*INFORMATION SHOWN:*
━━━━━━━━

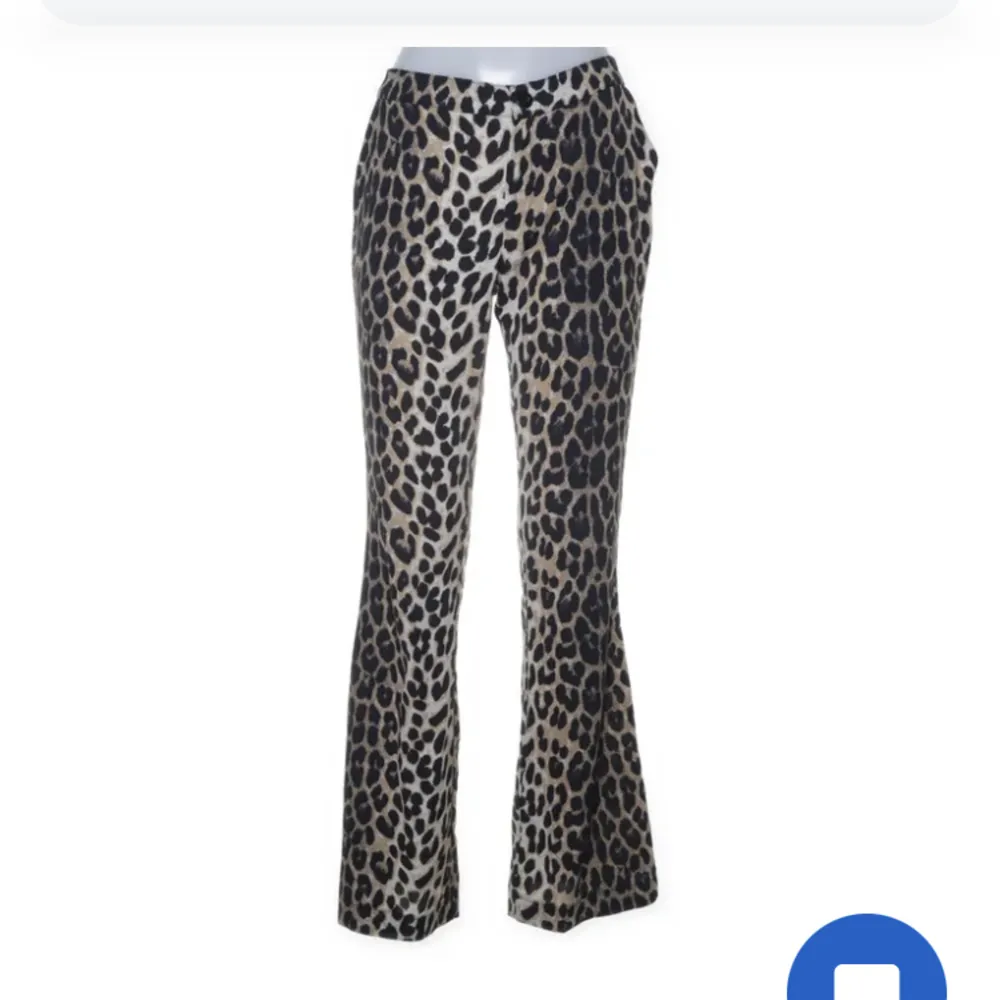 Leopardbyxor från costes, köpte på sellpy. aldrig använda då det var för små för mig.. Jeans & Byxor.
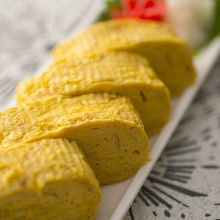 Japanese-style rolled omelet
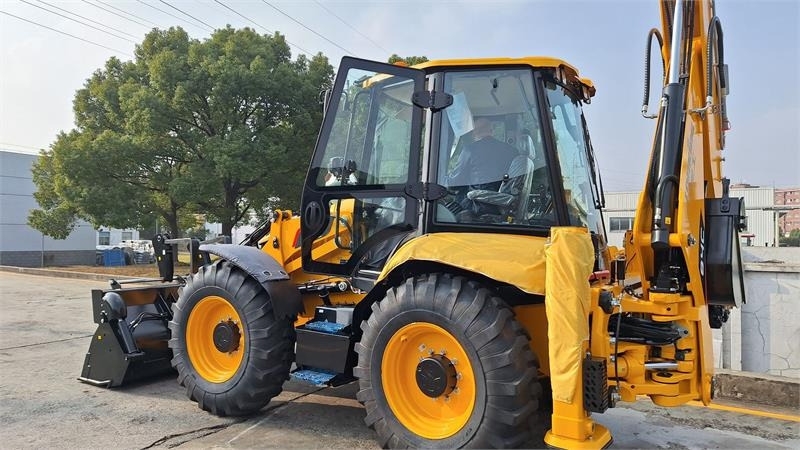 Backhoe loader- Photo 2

━━━━━━━━

*WHAT TO WORK ON:*
Line by line, reproduce exactly the lines from the one containing "Japanese-style rolled omelet" through the final line of the material, both included, leaving every picture out.

*COMPLETED EXERCISE:*
 Japanese-style rolled omelet
 Backhoe loader- Photo 2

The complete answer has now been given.